ESG investing can be a simple strategy that involves you (or your financial advisor) taking a closer look at your investments using an ESG-friendly lens to weed out investments that don’t generate returns. positive impact in these areas.

Here’s how you can get started:

1. Decide how you will build your portfolio:

You may choose to research and evaluate stocks or funds on your own, or you may decide to work with a financial advisor or robo advisor is the better way. An expert can point you in the direction of specific properties that meet ESG standards and align with your overall investment goals. Some robot advisors like Wealthfront and Betterment offer similar services, often at a lower cost.

2. Identify the criteria that are most important to you

Determine which causes are most important to you. Maybe you are looking to invest in a company that is working hard to reduce their carbon footprint, or you want to support a company that prides itself on gender diversity. Knowing what’s important to you can help you narrow down your list of investment options.

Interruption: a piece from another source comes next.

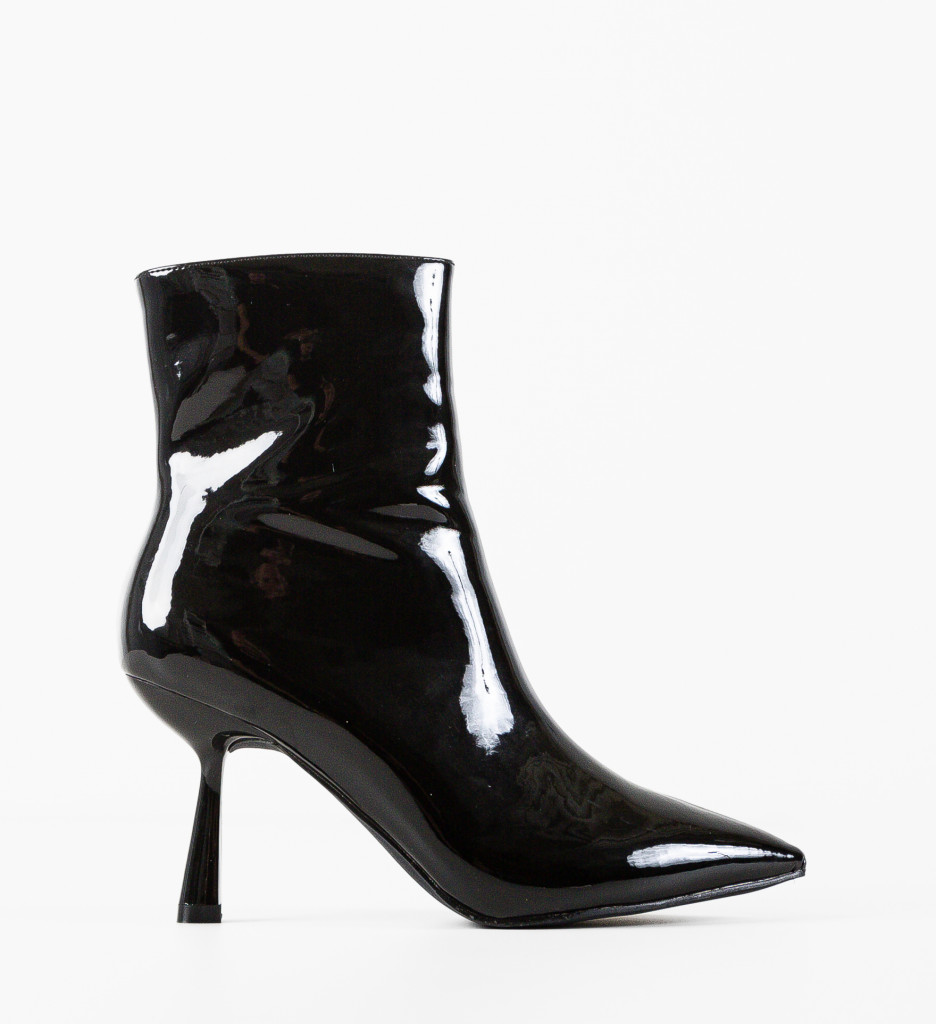 Botine dama Seera Negre - 5 | YEO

3. Deal with investments that fit your goals

Once you’ve identified factors that better align with your goals and values, you can open a brokerage account and decide how much you want to invest and in what specific assets. Many online brokerage accounts allow you to filter your investment options by sector, sustainability, and financial performance on these investments.

For investors looking to make a positive impact, ESG investing can be an additional filter when building their portfolio. “ESG is a process, not a panacea,” says Townsend. “Other attractive investments can fit into any strategy that incorporates ESG characteristics.”